Owen Rumney


Software Engineer


Following on from part 1 of this mini series. I’ve got my local environment ready to go and I have pulled down some test data to work with.

The next step is to start having a look at some of the data.

Loading in the data

We know that the data is in csv format so can use the Spark read functionality to bring it in. With the single file in this local environment it’s a case of;

data = spark.read.csv('01aJourneyDataExtract10Jan16-23Jan16.csv', header=True, inferSchema=True)
for col in data.columns:
    data = data.withColumnRenamed( col, col.replace(" ", ""))

This line will create a DataFrame called data and load the csv input into it. By setting header to True we are saying that the first row of the data is a header row.

inferSchema will ask Spark to have a go at working out the correct types for the columns that are being brought in.

Quick Cleanup

Even though inferSchema was used, if we call data.describe() we can see that the type of the dates is string. I’m going to put that down to the fact that these dates are in UK format.

DataFrame[description: string
, RentalId: string
, Duration: string
, BikeId: string
, EndDate: string
, EndStationId: string
, EndStationName: string
, StartDate: string
, StartStationId: string
, StartStationName: string]

I think I’m going to want these to be dates later on, so I’m going to convert them to timestamps now.

from pyspark.sql.functions import unix_timestamp
dated_data = data.select('RentalId' \
           ,unix_timestamp('StartDate', 'dd/MM/yyyy HH:mm').cast("double").cast("timestamp").alias('StartDate') \
           ,unix_timestamp('EndDate', 'dd/MM/yyyy HH:mm').cast("double").cast("timestamp").alias('EndDate') \
           ,'Duration' \
           ,'StartStationId' \
           ,'EndStationId')

This block uses the unix_timestamp function to get the long number representation of the date which we can then turn into the timstamp type. By passing the format of the date we can solve the issue of it being in a format that the inferSchema wasn’t expecting. I’ve used .alias() to specify the name of the derived column.

Getting the StationId Data

There is an API which we can use to get the additional data for the StartStation_Id and EndStation_Id. This can be found here on the TfL website.

We need a list of all the start and end bike point/stations that are in the dataset so I went for doing a union to get this.

stationids = sorted((data.select('StartStationId') \
                    .union(data.select('EndStationId'))) \
                    .rdd.map(lambda r: r[0]) \
                    .distinct() \
                    .collect())

This will return us a sorted list of all the Ids in the dataset which can be passed into a helper method which will call into the API mentioned about.

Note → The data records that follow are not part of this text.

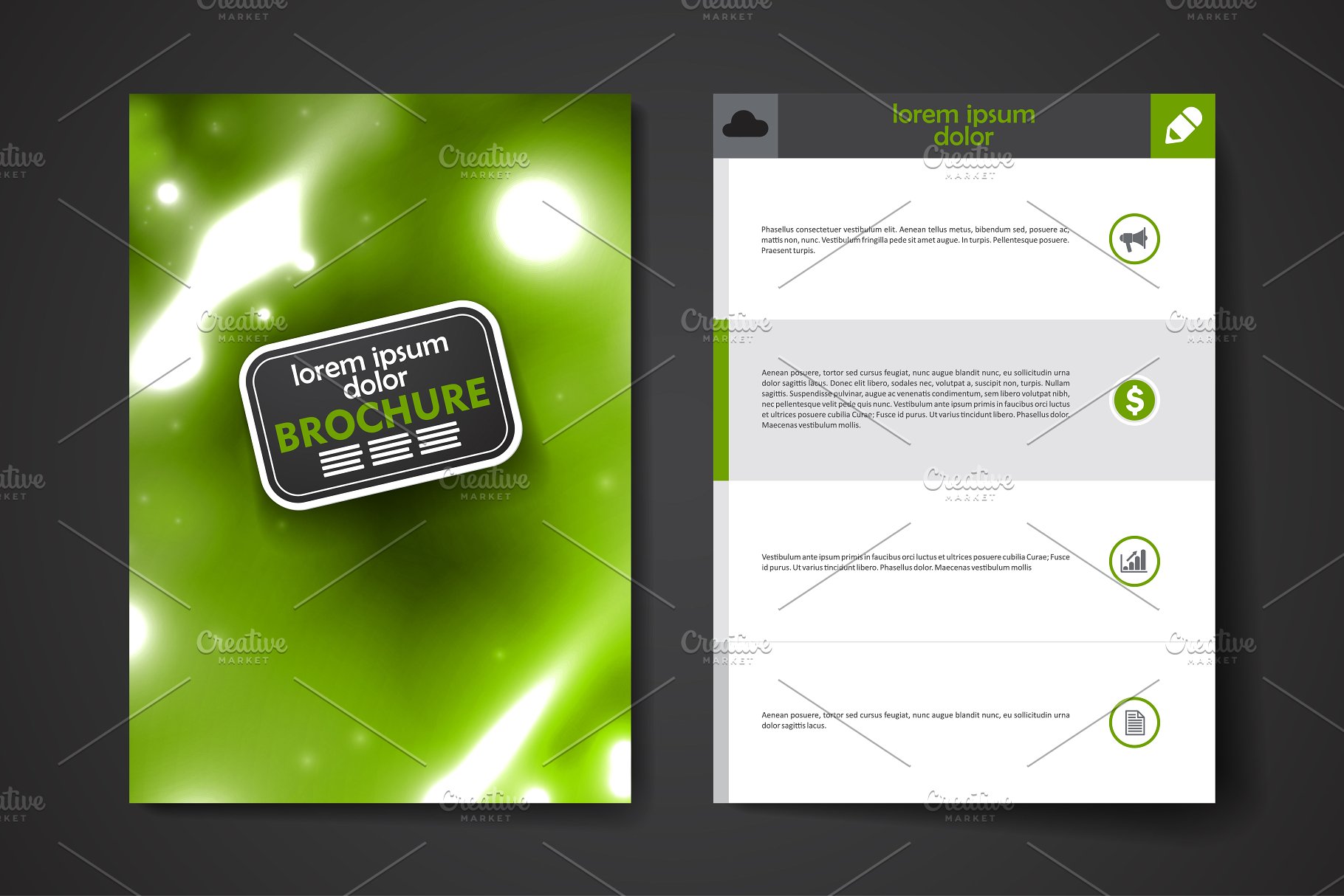 荧光DNA链条抽象图形画册模板 Set of Beautiful Brochures插图(20)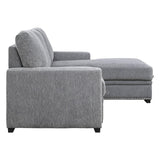 Room view of Morelia gray fabric sectional sofa with right chaise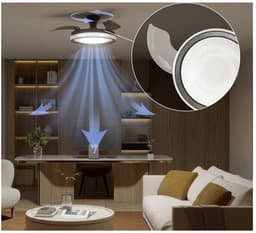 Philips Bliss Plafondventilator met ingebouwde LED-lamp - 3 Intrekbare bladen, diameter: 106cm - 4500 Lumen - Instelbaar wit licht van 2700K tot 6500K - Dimbaar tot 5% - Afstandsbediening - Zwart — thumbnail 2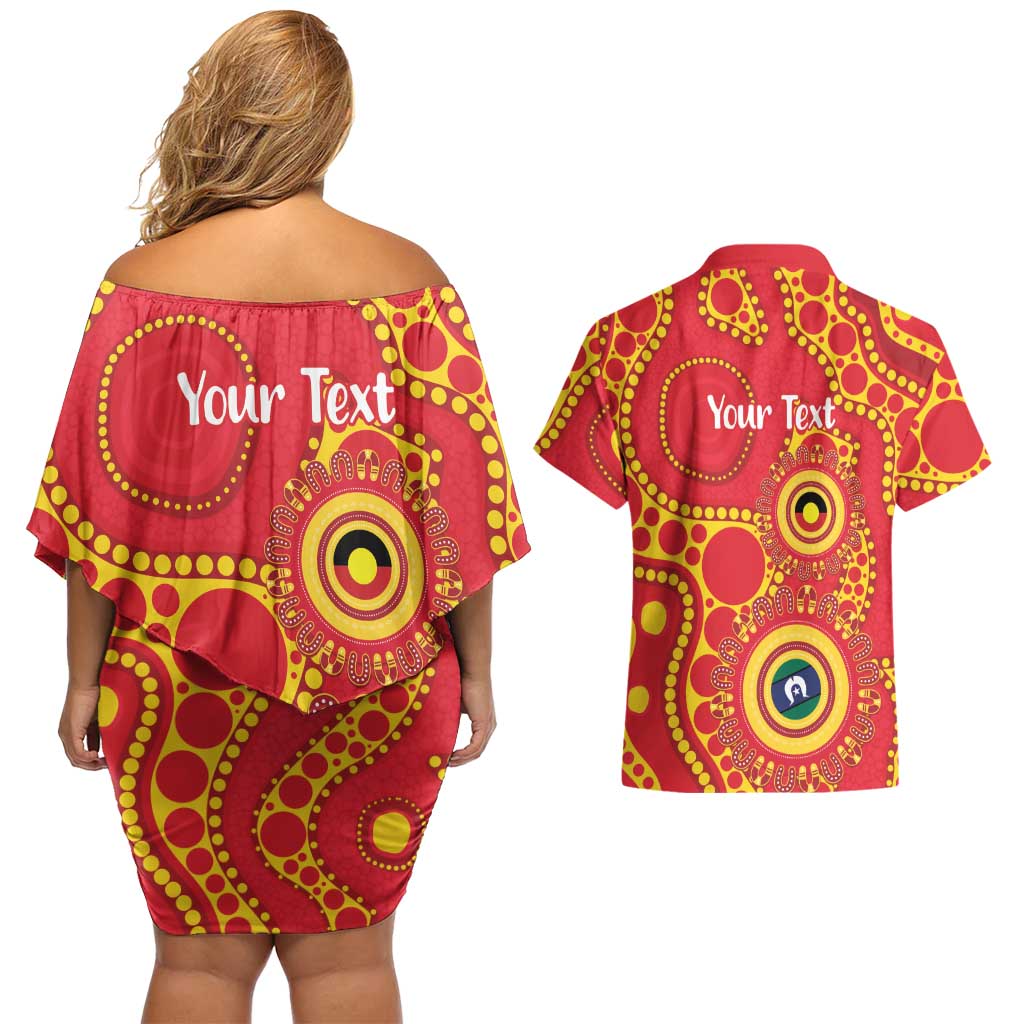 Suns NAIDOC Week 2026 Personalised Couples Matching Off Shoulder Short Dress and Hawaiian Shirt 50 Years of Deadly Aboriginal Art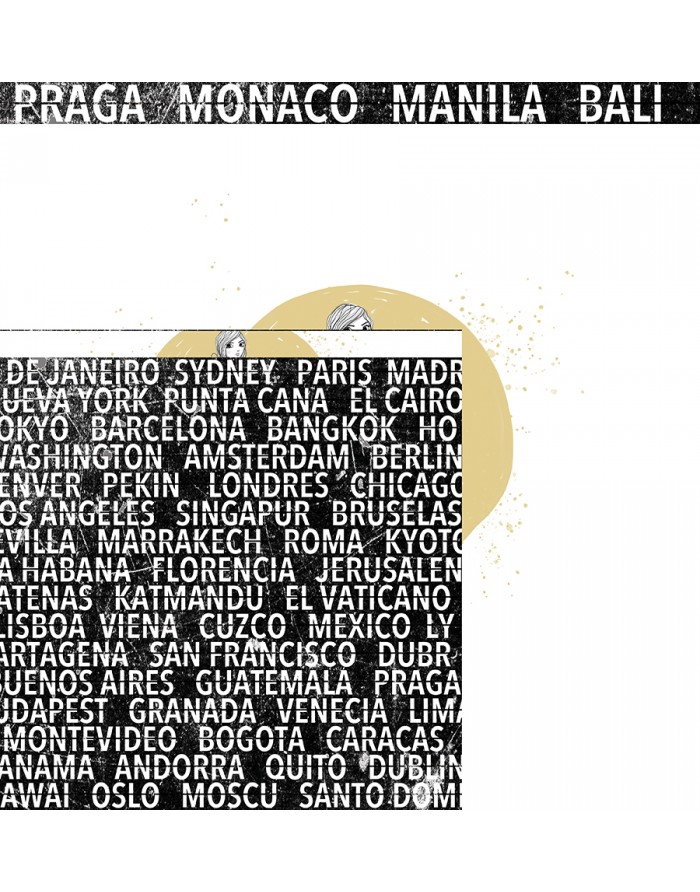 Padrão gráfico com nomes de cidades em branco sobre fundo preto com forma circular bege e desenho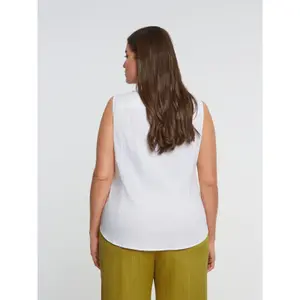 Sleeveless Blouse with Knot Detail Women Mat Fashion image-3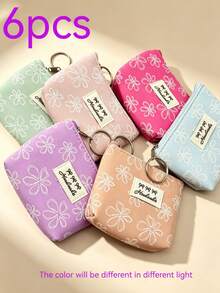 Macaron Color Floral Coin Purse 6pcs Set, Portable Zipper Small Storage Bag With Key Ring, Fresh White Flower Pattern, Can Store Coins, Earphones, Lipstick, Travel Carry-On Small Wallet, Gift Small Item - Multicolor - View 6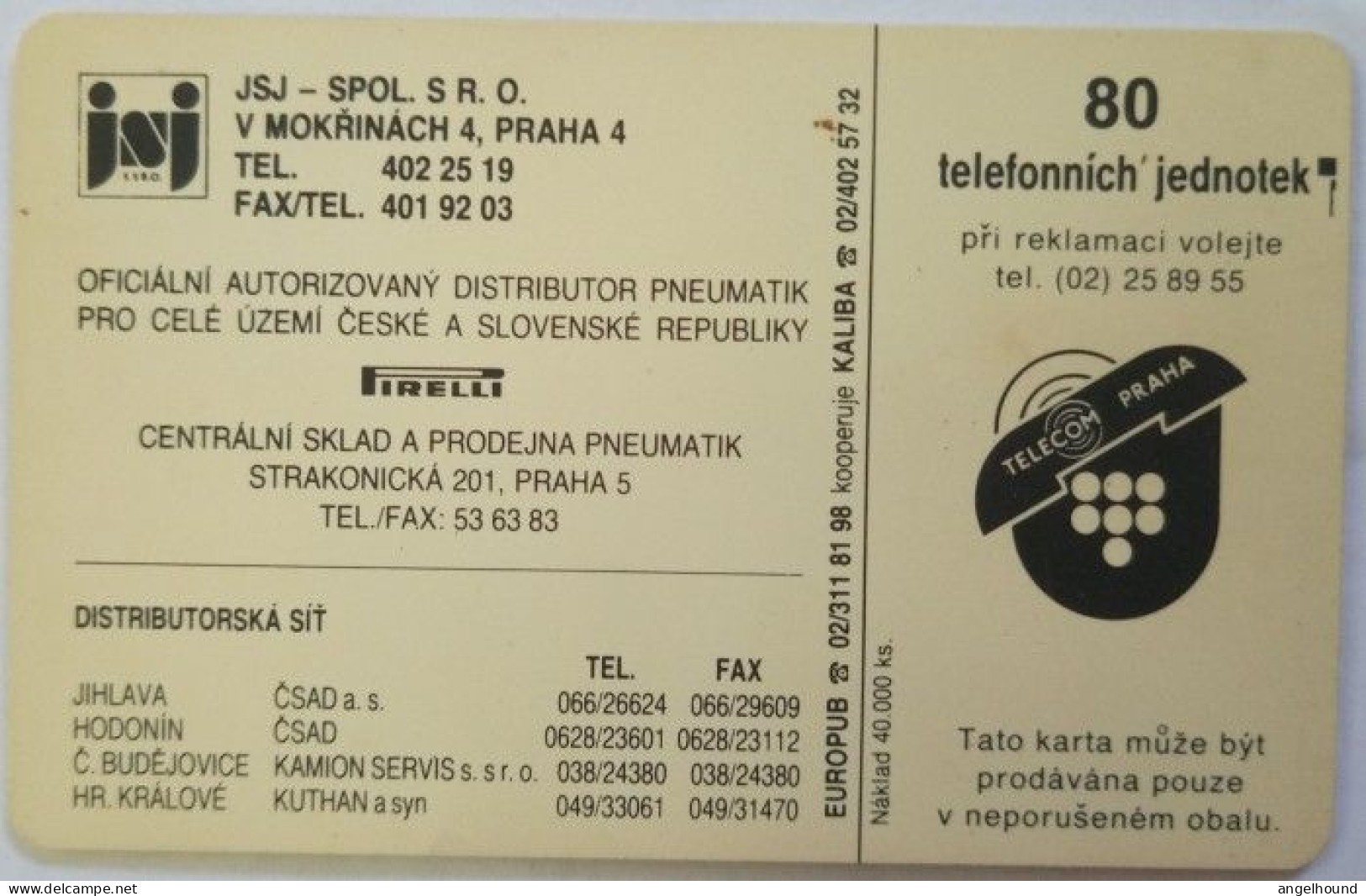 Czech Republic 80 Units Chip Card - Ptomotion - Pirelli - Tsjechië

def get_bike_points(points_ids):
    bike_point_file = '~/datasets/cycling/bike_points.csv'
    base_url = 'https://api.tfl.gov.uk/BikePoint/BikePoints_'

    with open(bike_point_file, 'w') as csvfile:
        fieldnames = ['pointId', 'commonName', 'lat', 'lon', 'placeType', 'properties']
        writer = csv.DictWriter(csvfile, fieldnames=fieldnames)
        writer.writeheader()
        for point in points_ids:
            if point == None:
                continue
            url = "%s%s" % (base_url, point)
            req = requests.get(url)
            if req.status_code != 200:
                writer.writerow({"pointId": point, "commonName": "Not Found"})
            else:
                bike_point = json.loads(req.text)
                props = {}
                if bike_point.has_key('additionalProperties'):
                    for p in bike_point['additionalProperties']:
                        props[p['key']] = p['value']
                writer.writerow({"pointId": point, "commonName": bike_point['commonName'], "lat": bike_point['lat'], \
                                "lon": bike_point['lon'], "placeType": bike_point['placeType'], 'properties': props})
        csvfile.flush

This block takes the list of Id and collects the data for the bike station, extracts what is wanted from the returned dataset then saves it into a csv file.

Cleaning up the StationId data

Some of the stations in the dataset aren’t there anymore so we get a 404 when we hit the page. To get round this I’ve just created a line for the ID with a common name of not found.

That said, we do have this information in the original data set, so a bit of fiddling can be used to update the bike_points data with the correct commonName.

bike_points = spark.read.csv('bike_points.csv', header=True, inferSchema=True)

combined_bike_points = bike_points.where(bike_points.commonName == "Not Found") \
                      .join(data, data.StartStationId == bike_points.pointId)\
                      .select(bike_points.pointId \
                            , data.StartStationName.alias("commonName") \
                            , bike_points.lat \
                            , bike_points.lon \
                            , bike_points.placeType \
                            , bike_points.properties) \
                      .distinct()

bike_points = combined_bike_points \
              .union(bike_points \
                     .where(bike_points.commonName <> "Not Found"))

Okay, long winded but we now have the station data to work with too.